NVIDIA NIMs¶
The llama-index-llms-nvidia
package contains LlamaIndex integrations building applications with models on
NVIDIA NIM inference microservice. NIM supports models across domains like chat, embedding, and re-ranking models
from the community as well as NVIDIA. These models are optimized by NVIDIA to deliver the best performance on NVIDIA
accelerated infrastructure and deployed as a NIM, an easy-to-use, prebuilt containers that deploy anywhere using a single
command on NVIDIA accelerated infrastructure.
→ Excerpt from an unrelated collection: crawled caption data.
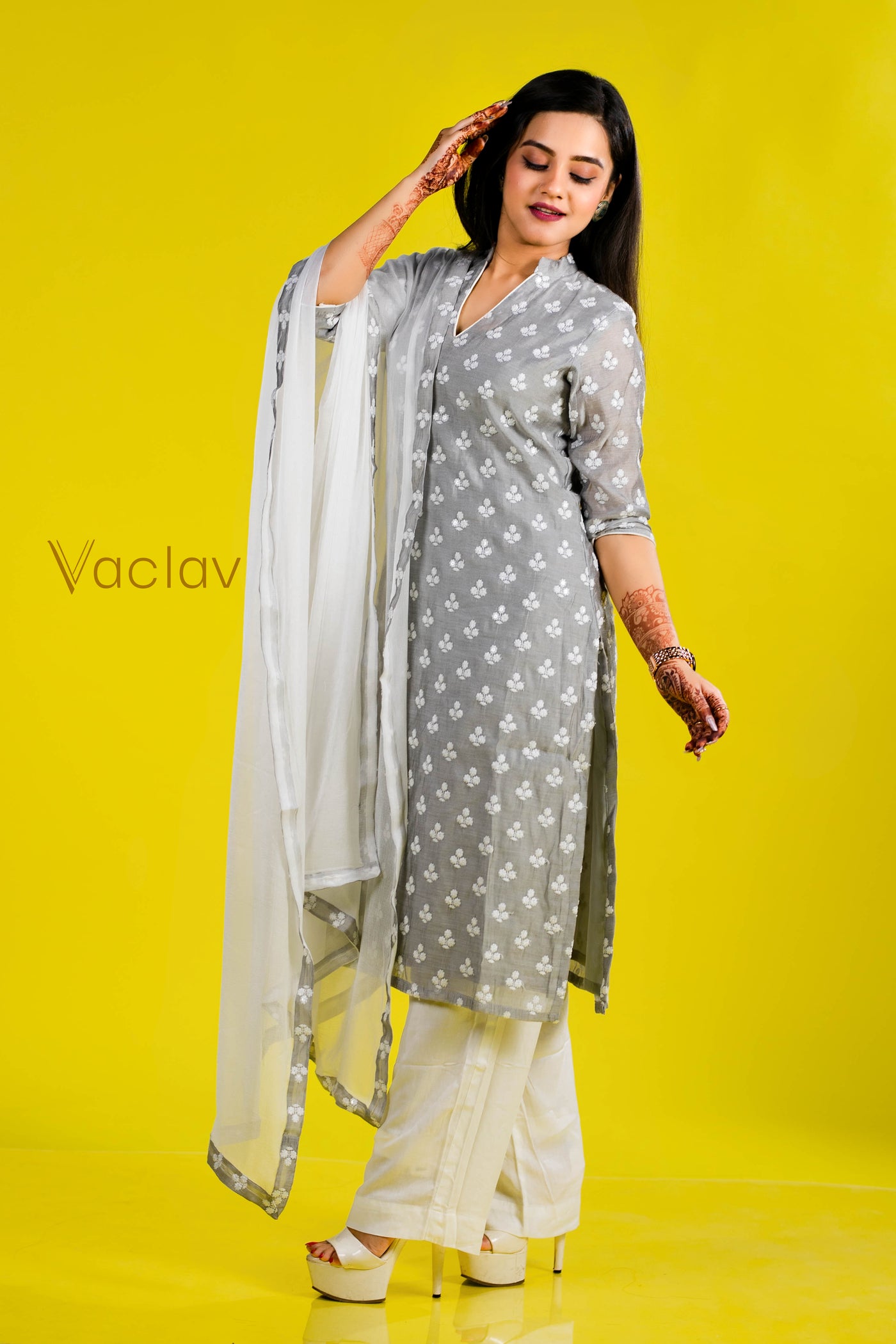 Pant Kurti with Dupatta in White & Gray in Chanderi Fabric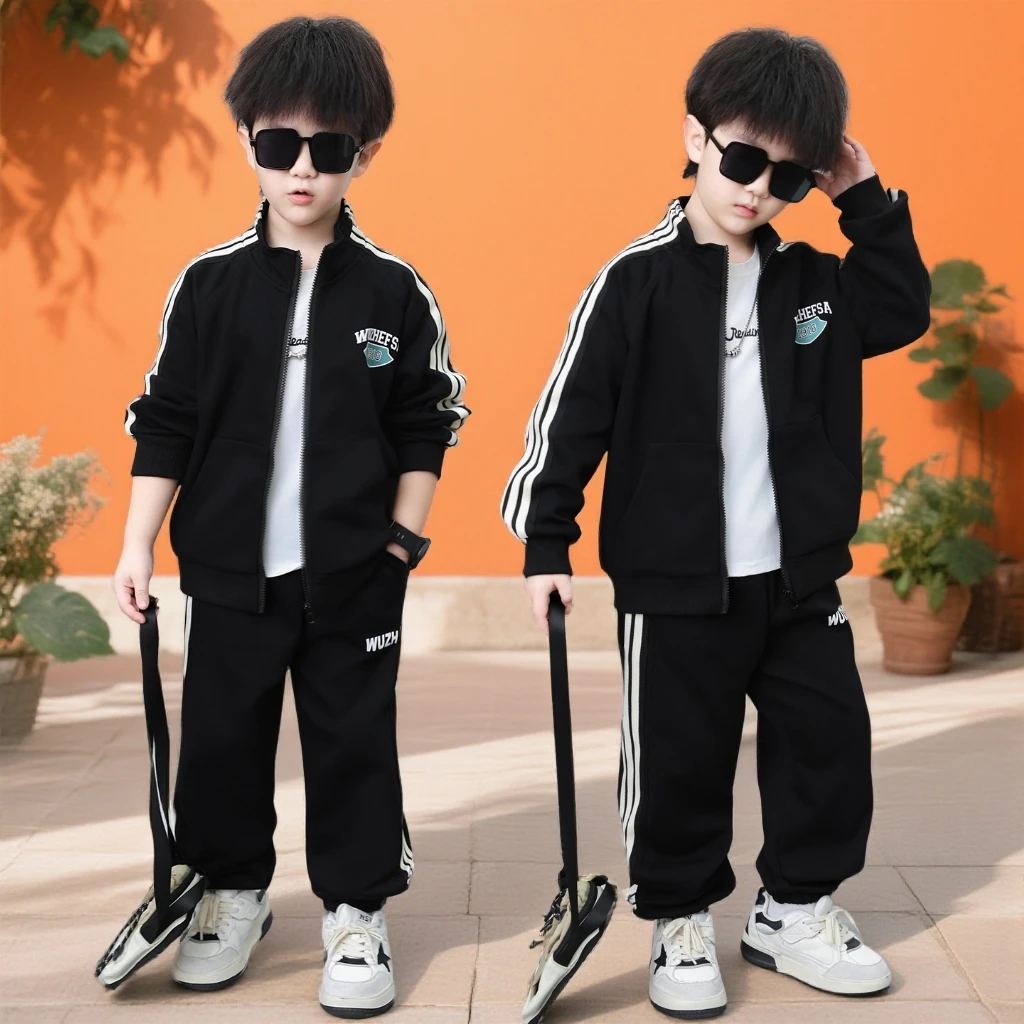 秋冬季新款织带休闲儿童潮酷中大童男孩套装童装穿搭帅气两件套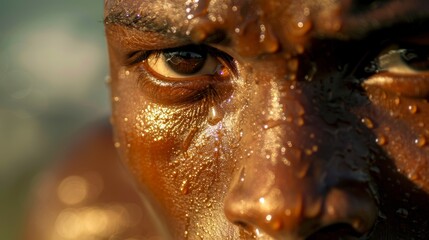 Macro shot of an athlete's eye with golden sweat drops. Detailed fitness portrait. Endurance and strength concept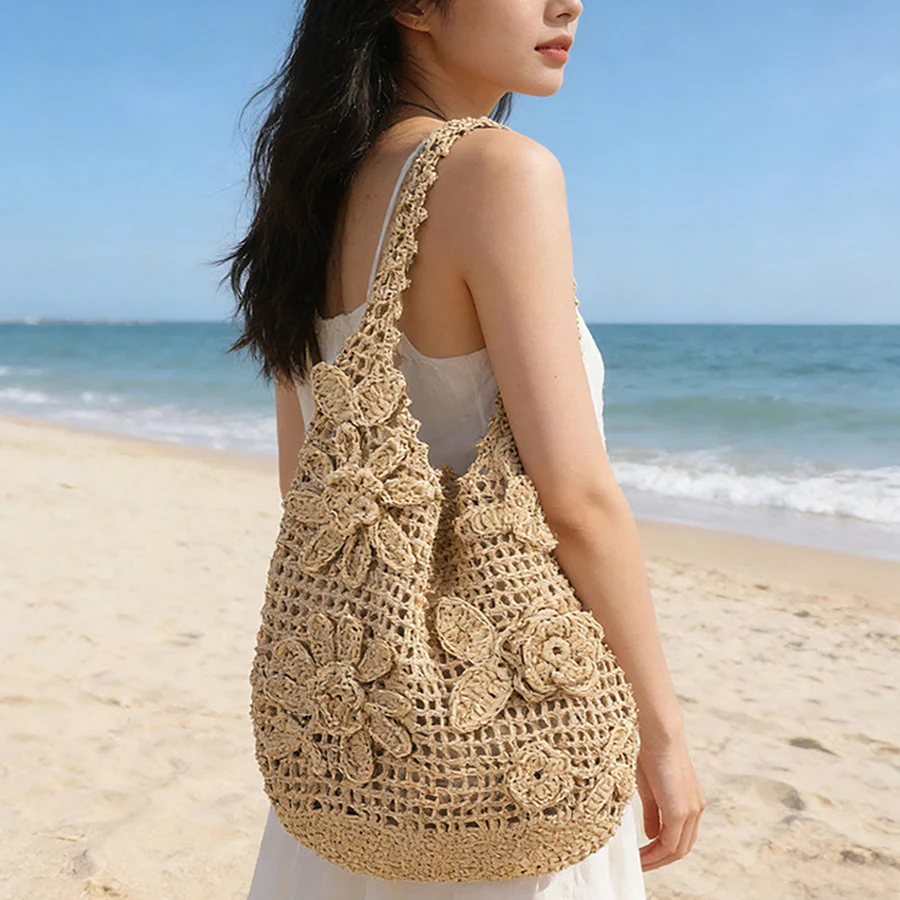 

Three-dimensional flower shoulder bag weaving large capacity straw bag summer bali vacation beach bag woven hollow handbags sac
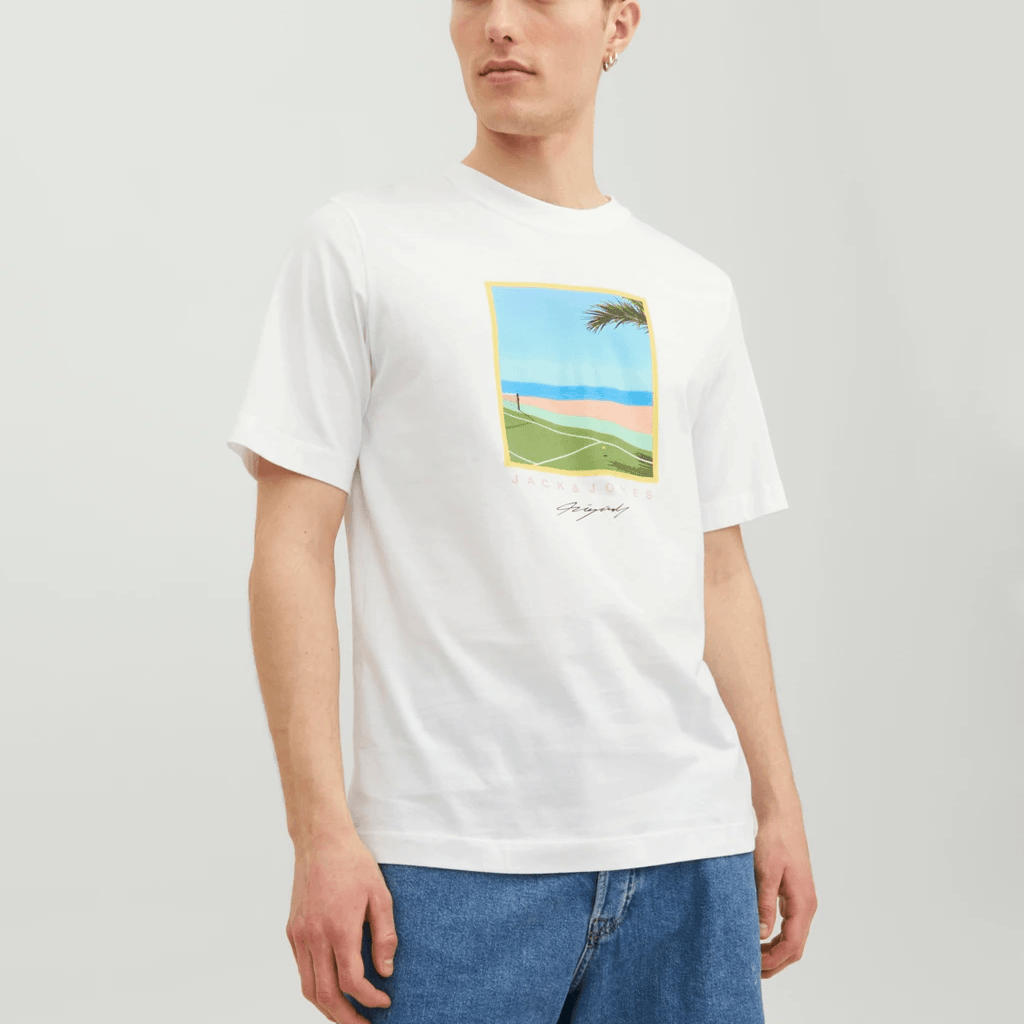Jack & Jones Uomo T-shirt Tulum Landscape Bianco 12235226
NVIDIA hosted deployments of NIMs are available to test on the NVIDIA API catalog. After testing, NIMs can be exported from NVIDIA’s API catalog using the NVIDIA AI Enterprise license and run on-premises or in the cloud, giving enterprises ownership and full control of their IP and AI application.
NIMs are packaged as container images on a per model basis and are distributed as NGC container images through the NVIDIA NGC Catalog. At their core, NIMs provide easy, consistent, and familiar APIs for running inference on an AI model.
NVIDIA's LLM connector¶
This example goes over how to use LlamaIndex to interact with and develop LLM-powered systems using the publicly-accessible AI Foundation endpoints.
With this connector, you'll be able to connect to and generate from compatible models available as hosted NVIDIA NIMs, such as:
- Google's gemma-7b
- Mistal AI's mistral-7b-instruct-v0.2
- And more!
Installation¶
%pip install --upgrade --quiet llama-index-llms-nvidia llama-index-embeddings-nvidia llama-index-readers-file
Setup¶
To get started:
Create a free account with NVIDIA, which hosts NVIDIA AI Foundation models.
Click on your model of choice.
Under Input select the Python tab, and click
Get API Key
. Then clickGenerate Key
.Copy and save the generated key as NVIDIA_API_KEY. From there, you should have access to the endpoints.
import getpass
import os
# del os.environ['NVIDIA_API_KEY'] ## delete key and reset
if os.environ.get("NVIDIA_API_KEY", "").startswith("nvapi-"):
print("Valid NVIDIA_API_KEY already in environment. Delete to reset")
else:
nvapi_key = getpass.getpass("NVAPI Key (starts with nvapi-): ")
assert nvapi_key.startswith(
"nvapi-"
), f"{nvapi_key[:5]}... is not a valid key"
os.environ["NVIDIA_API_KEY"] = nvapi_key
# llama-parse is async-first, running the async code in a notebook requires the use of nest_asyncio
import nest_asyncio
nest_asyncio.apply()
Working with NVIDIA API Catalog¶
from llama_index.llms.nvidia import NVIDIA
from llama_index.core.llms import ChatMessage, MessageRole
llm = NVIDIA()
messages = [
ChatMessage(
role=MessageRole.SYSTEM, content=("You are a helpful assistant.")
),
ChatMessage(
role=MessageRole.USER,
content=("What are the most popular house pets in North America?"),
),
]
llm.chat(messages)
Working with NVIDIA NIMs¶
In addition to connecting to hosted NVIDIA NIMs, this connector can be used to connect to local microservice instances. This helps you take your applications local when necessary.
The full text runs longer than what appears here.